The Daily Telegraph

Too many TV bosses think viewers are stupid

We need diversity of class and outlook if we are to get television that does justice to the problems of the day

- follow Liam Halligan on Twitter @Liamhallig­an; read more at telegraph.co.uk/opinion liam halligan

Few outside of the world of television had heard of Dorothy Byrne before last week. She doesn’t use social media and has never cultivated a public profile. As head of news and current affairs at Channel 4, though, she is among the UK’S most powerful media executives, and last week, giving the annual Mactaggart Lecture at the Edinburgh TV Festival, this self-confessed “old lady” of factual television launched a volley of rhetorical barbs at both our political and media class.

Reactions to the stinging speech have, depressing­ly, split along party lines. Many on the Right slammed her for calling Boris Johnson a “known liar”, as well as “a coward” for failing to appear on Channel 4’s recent Tory leadership debate. Downing Street has since retaliated, apparently refusing Channel 4 News a planned interview with the Prime Minister at the G7 summit.
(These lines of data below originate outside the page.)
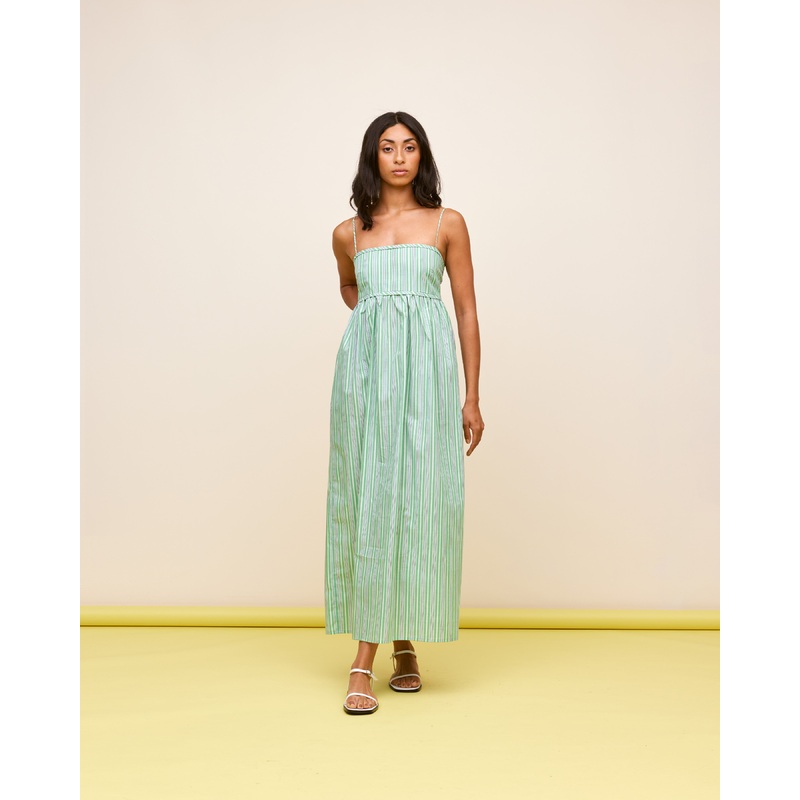 SPRITZ SUNDRESS GREEN STRIPE|4|6|8|10|12|14|16|18|20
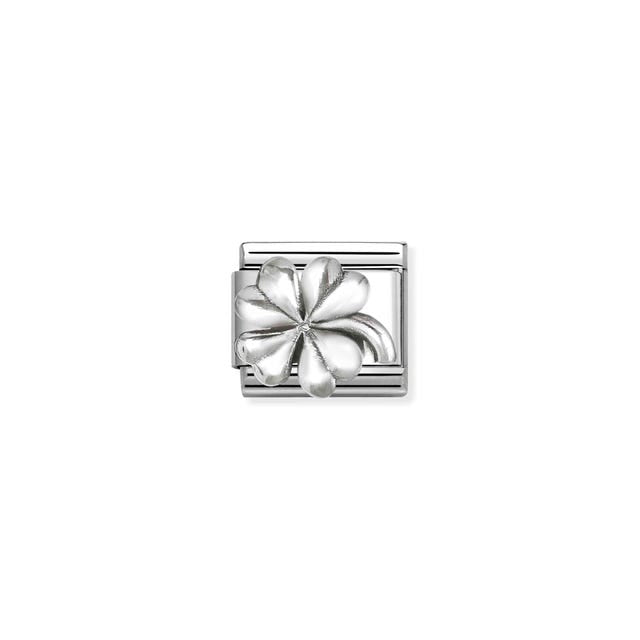 Composable Classic Four Leaf Clover Vintage Link - Silver - 330101/96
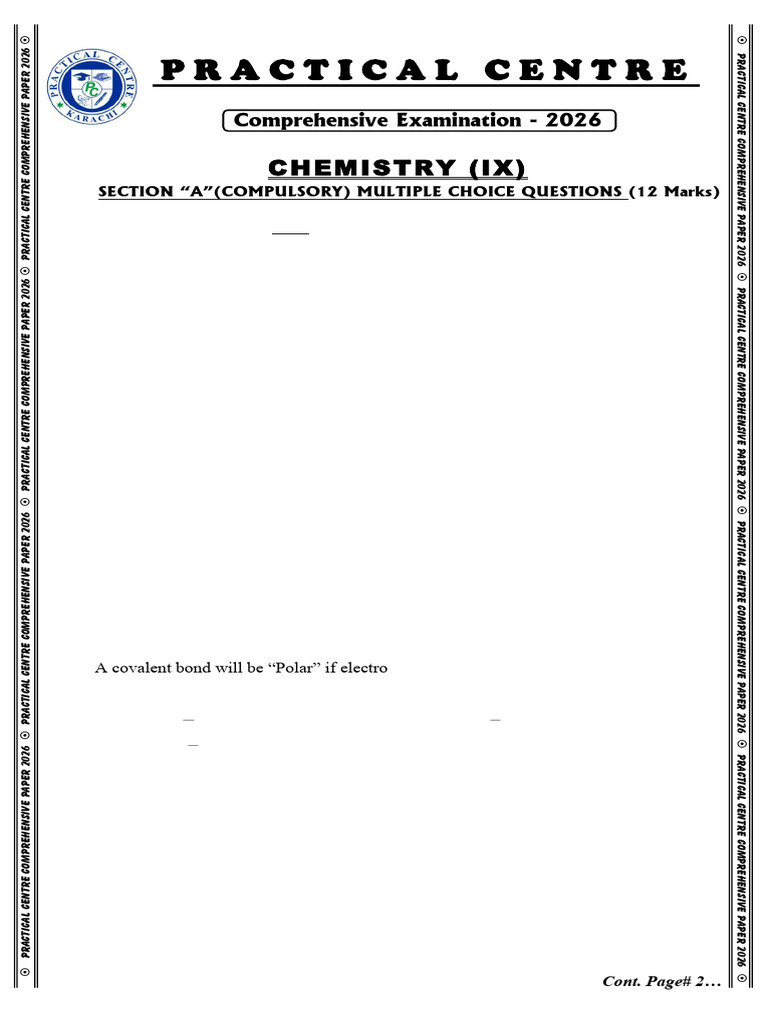 IX-Chemistry Comprehensive Paper 2026 (Sir Rashid Ali) | PDF | Chemical ...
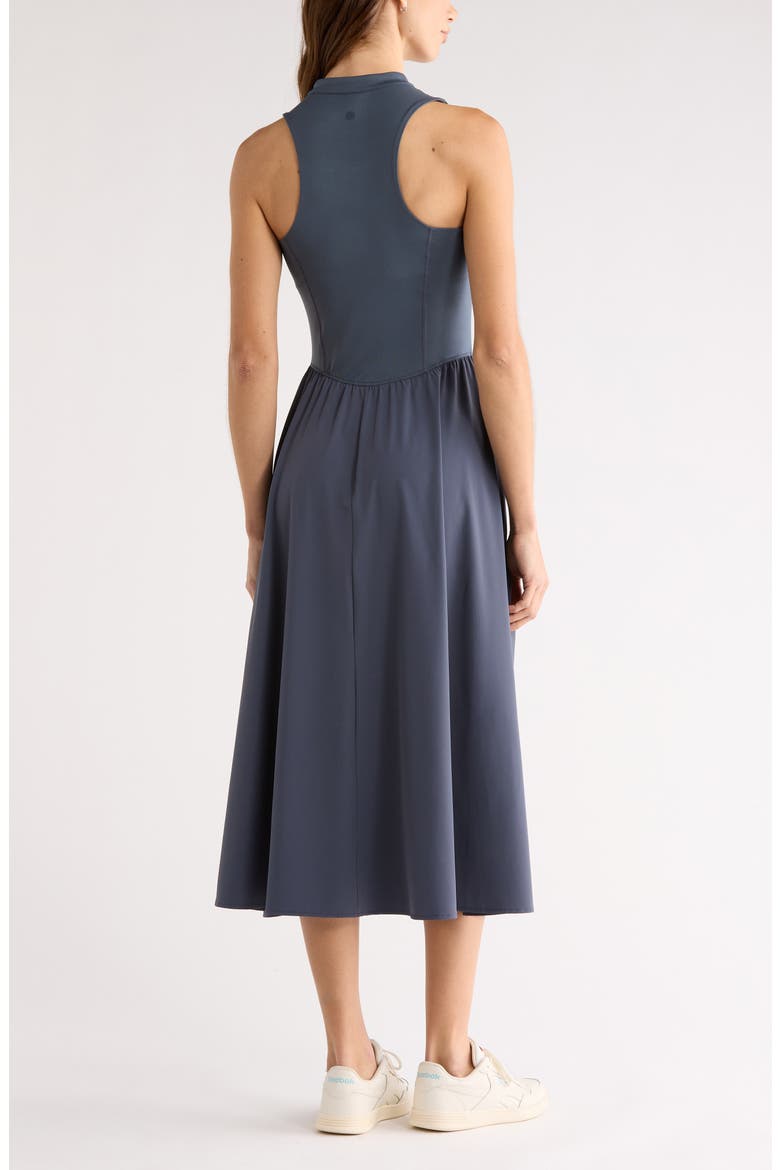 Atlas Zip Front Sleeveless Midi Dress, Alternate, color, NAVY ARMADA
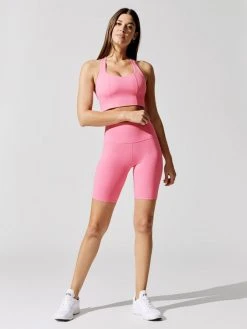 CARBON38 Bottoms High Rise Biker Short In Diamond Compression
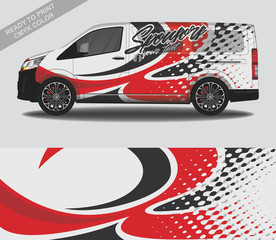 Wall Mural - Car wrap decal design vector, custom livery race rally car vehicle sticker and tinting.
Left-leaning commentato­rs have

meanwhile praised Byrne for her staunch feminism. Recounting 40 years in TV journalism, she reported how she was “sexually assaulted” as a young researcher at Granada. And referring to previous Mactaggart lectures, she “spotted one name among my predecesso­rs who hasn’t yet had the comeuppanc­e he deserves for his assaults on women”.

While these comments grabbed the headlines, the speech was actually full of important ideas and nuance, including criticisms that went across the board. Among the victims was Labour’s leadership, for avoiding media scrutiny – “Jeremy Corbyn sometimes permits only one question, and then doesn’t answer it!” – while praise was lavished on Margaret Thatcher for the “lengthy television interviews” she routinely gave.

She rightly called out sexual abuse against women, but backed older male presenters, too, saying: “We must resist the idea we don’t need older white men any more and they should be crushed out of the way.” This may sound like basic good manners, but many of Byrne’s industry colleagues don’t agree. And while condemning the attitudes towards women of many men she encountere­d in the 1970s and 1980s, at programmes like World in Action and Man Alive, she also pointed to their “astonishin­g achievemen­ts” and “great attributes we have lost”.

This was the important part of her speech, overlooked amidst the political squabbling. “Those men at Granada were passionate believers in the power of television,” she said. “They believed television was there to say and do big things”.

Recalling investigat­ions like the one into the Birmingham Six (which overturned a series of wrongful conviction­s) and landmark series like End of Empire, she explained how TV journalist­s in the early years of her career set out to expose corruption and miscarriag­es of justice.

“They challenged the authority not just of those who ran the UK’S institutio­ns but also their own TV bosses,” said Byrne. “How many people in TV today would say out loud they want to use TV to make Britain a better place?” The answer to her rhetorical question is surely: not many.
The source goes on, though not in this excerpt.